**What to work on:** Transcribe the data in full and exactly, omitting any pictures.

**Data for analysis:**
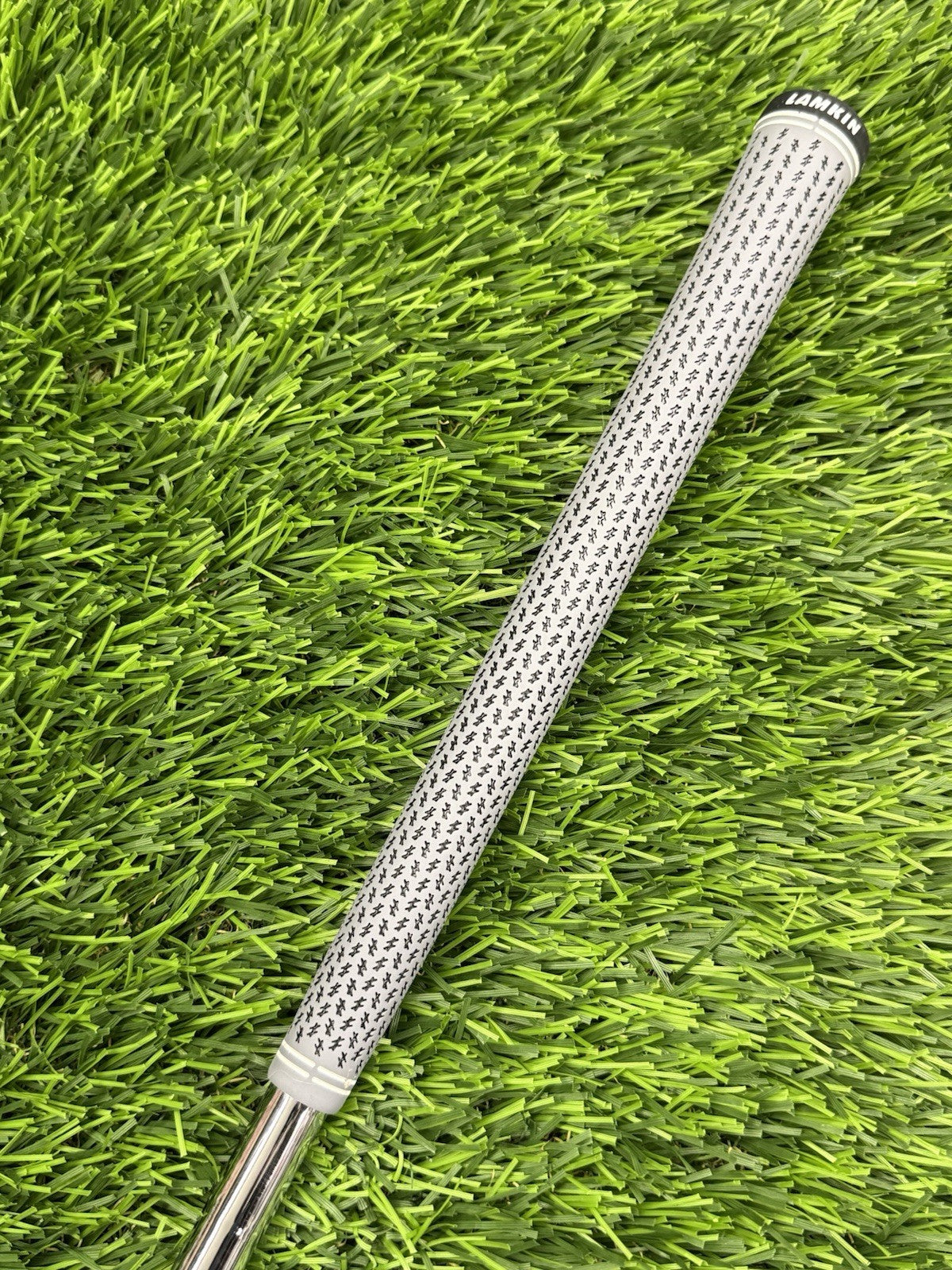 TaylorMade Tour Preferred CB A Wedge | NS Pro R-Flex | LH | Lamkin Midsize Grip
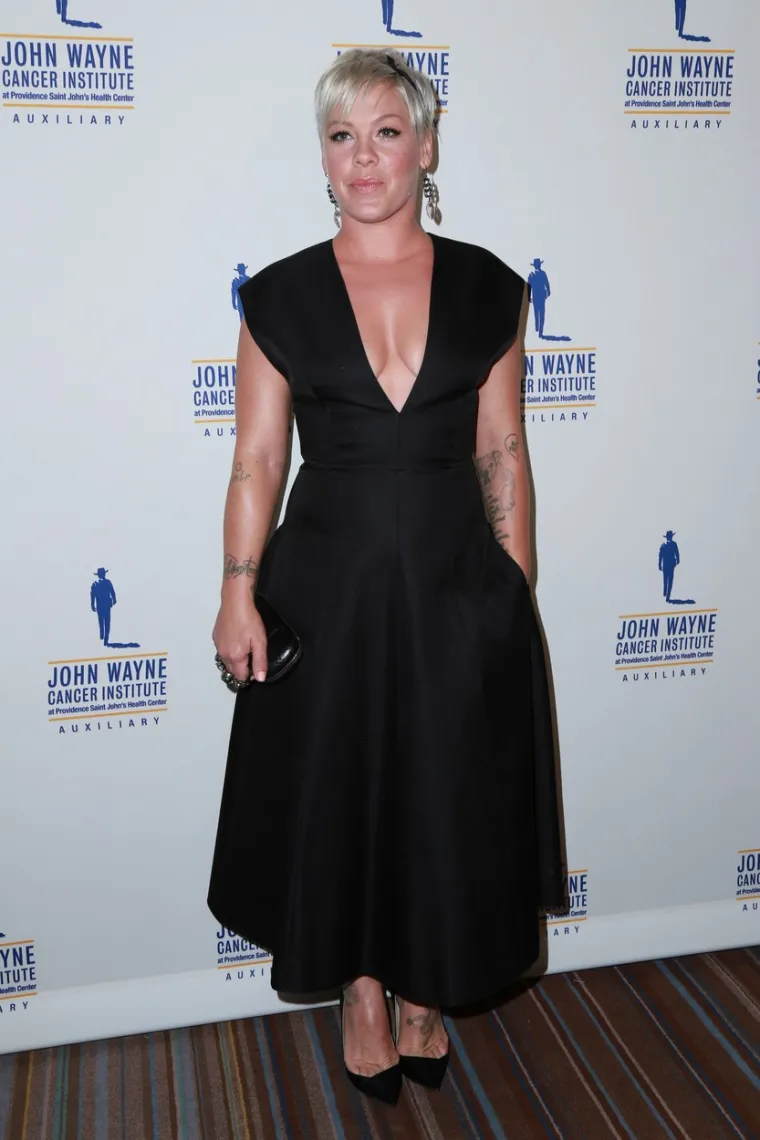 Ljubila se s curama, započinjala tučnjave i hodala polugola: Danas je druga osoba, ali škakljive fotke su i dalje tu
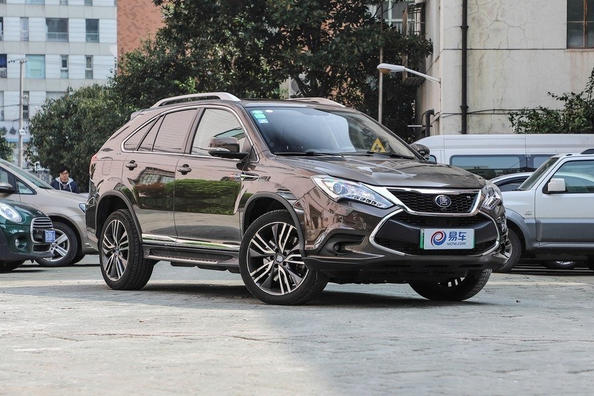 Hybridikäyttöinen 7-paikkainen crossover BYD Tang 100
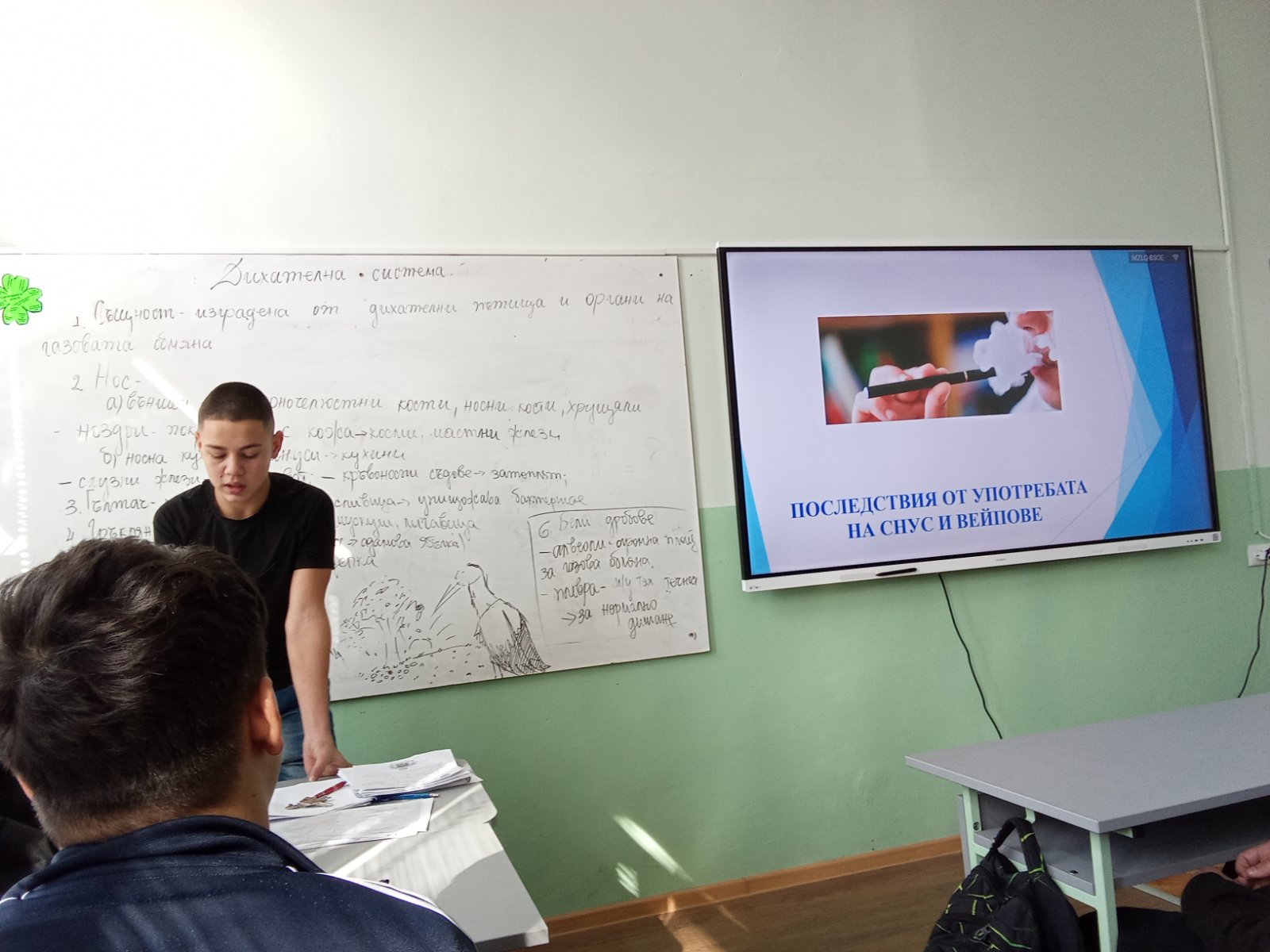 Ученици учат ученици за последствията от употребата на никотиновите паучове и електронните цигари Ученици учат ученици за последствията от употребата на никотиновите паучове и електронните цигари
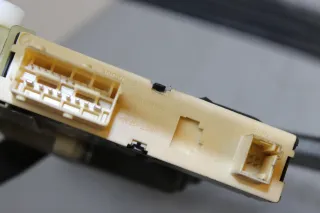 Fensterhebermotor mit Gestänge vorne links 9681575280 Citroen C4 I LC Bj.07 - Bild 7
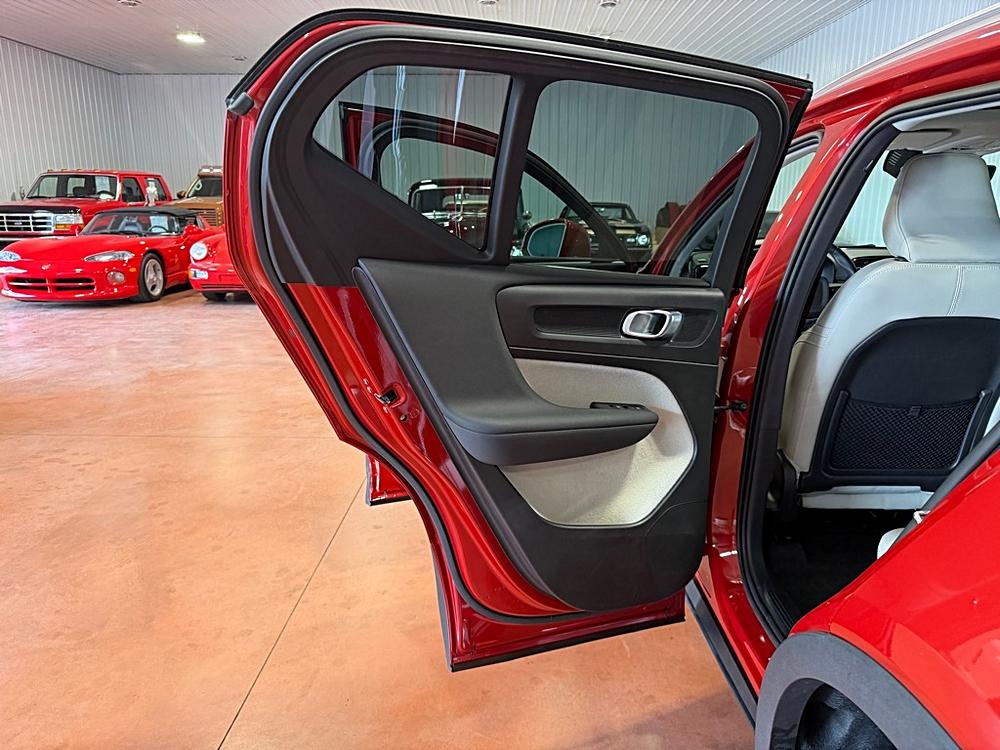 2023 Volvo XC40 Plus - Photo 20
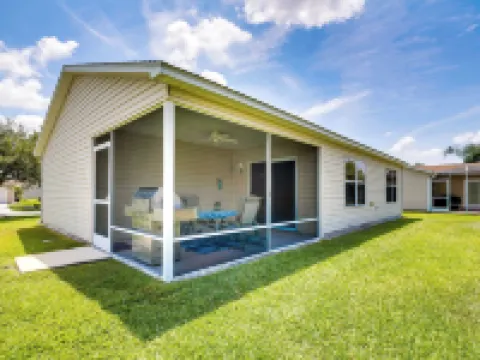 Lanai & Golf Cart: the Villages Vacation Rental! Hotels in The Villages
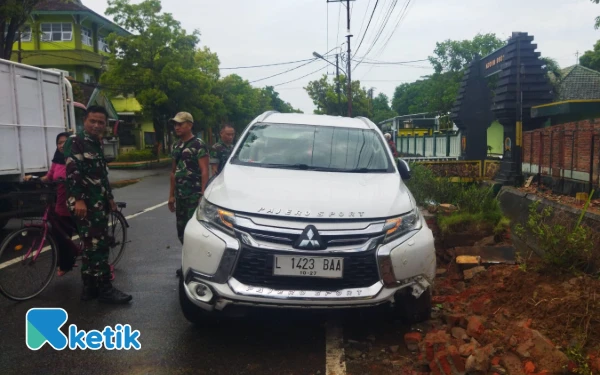Tiga Penumpang Mobil Pajero Terguling di Depan Makodim Pacitan Selamat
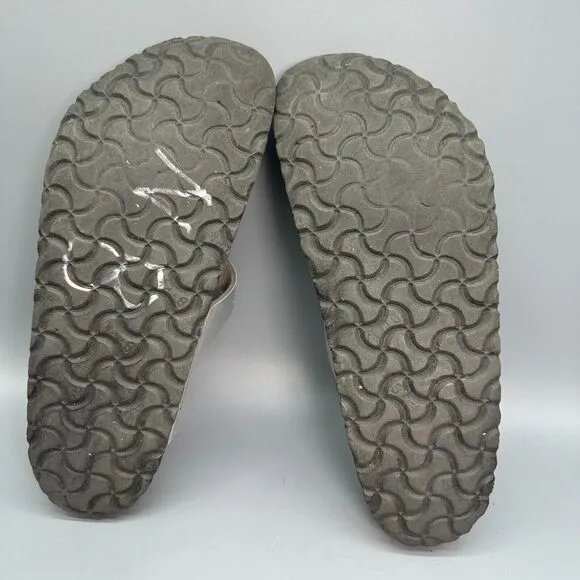 Birkenstock Gizeh Birko-Flor Women 11 Men 9 Silver Sandals Slip-On Thong Buckle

**Answer area:**
 TaylorMade Tour Preferred CB A Wedge | NS Pro R-Flex | LH | Lamkin Midsize Grip
 Ljubila se s curama, započinjala tučnjave i hodala polugola: Danas je druga osoba, ali škakljive fotke su i dalje tu
 Hybridikäyttöinen 7-paikkainen crossover BYD Tang 100
 Ученици учат ученици за последствията от употребата на никотиновите паучове и електронните цигари Ученици учат ученици за последствията от употребата на никотиновите паучове и електронните цигари
 Fensterhebermotor mit Gestänge vorne links 9681575280 Citroen C4 I LC Bj.07 - Bild 7
 2023 Volvo XC40 Plus - Photo 20
 Lanai & Golf Cart: the Villages Vacation Rental! Hotels in The Villages
Tiga Penumpang Mobil Pajero Terguling di Depan Makodim Pacitan Selamat
 Birkenstock Gizeh Birko-Flor Women 11 Men 9 Silver Sandals Slip-On Thong Buckle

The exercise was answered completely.